For the last few weeks, I’ve been reading (and re-reading) a column by Frederic Filloux that claimed “the new book publishing business is starting to look more and more like the software industry“. I just don’t understand it.
Filloux points out a lot of true things: content abundance, the power of search and the value of (manual) curation, the need for editing, the availabilty of freelance resources and the potential of platforms like Inkling. But … how is this like the software industry?
At one point Filloux seems to be talking about “apps”, but even there the comparison breaks down. Software, whether programs or apps, has no physical counterpart. While some types of books have only digital manifestations, the book publishing business will continue to sell a blend of both physical and digital objects.
It will be doing that for a long time. Even Filloux’s “abundance” example talks about making the journey from manuscript to bookstore. His anecdote about Parisian booksellers returning unopened boxes of books for lack of space is testament to the physical object.
As well, unopened boxes of books are not the same thing as “too many books” getting published; it is more likely that too many books are being printed. In fact, a conversation between Joe Konrath and Barry Eisler, excerpted at the end of Filloux’s piece, describes the opportunity to make a digital book available at prices that could not support print versions.

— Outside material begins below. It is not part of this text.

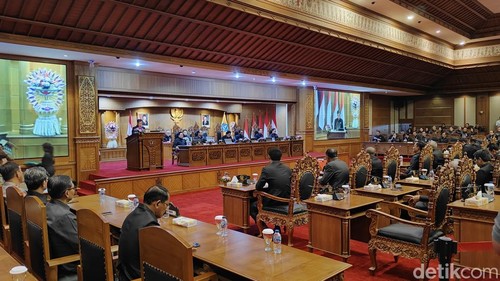 Rapat paripurna DPRD Badung terkait pengambilan keputusan Raperda APBD Badung 2025 di gedung DPRD Badung, Jumat (29/11/2024). (Foto: Agus Eka/detikBali)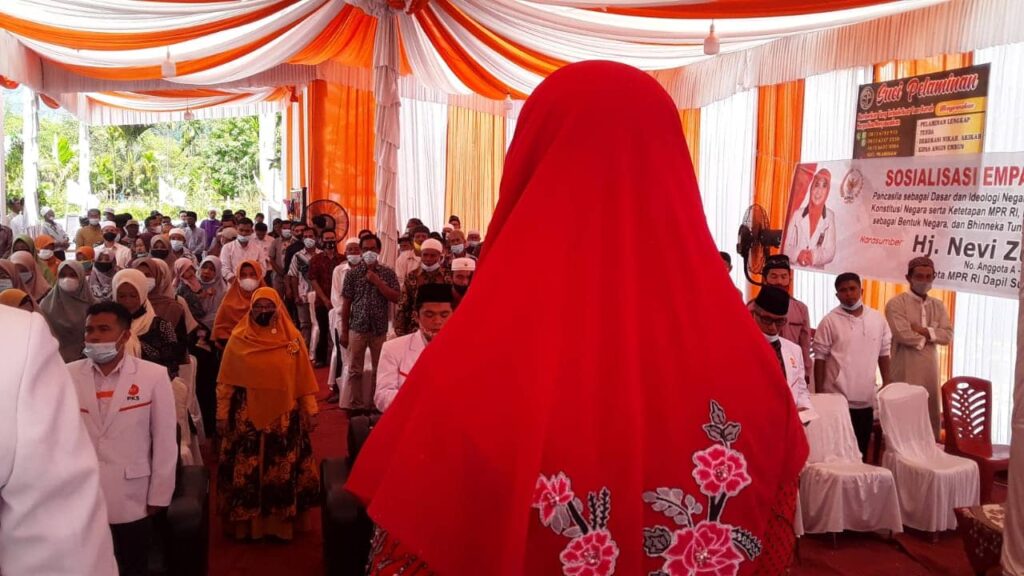 Bertemu Struktur dan Anggota PKS Kabupaten Pasaman, Nevi Zuairina Mengatakan SKB Tiga Menteri Akan Semakin Bagus Bila Mengakomodir Nilai-Nilai Kearifan Lokal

Pining for a new breed of gatekeepers (as Filloux seems to do in describing Apple’s control of its app store) misses the opportunity we have to reshape publishing and make it the business we’ve long claimed it is. Things like more entrants and lower prices (that make reading more affordable) are potentially good things.
If the lesson from the software industry is “create scarcity”, it’s the wrong lesson to learn. Better to create value.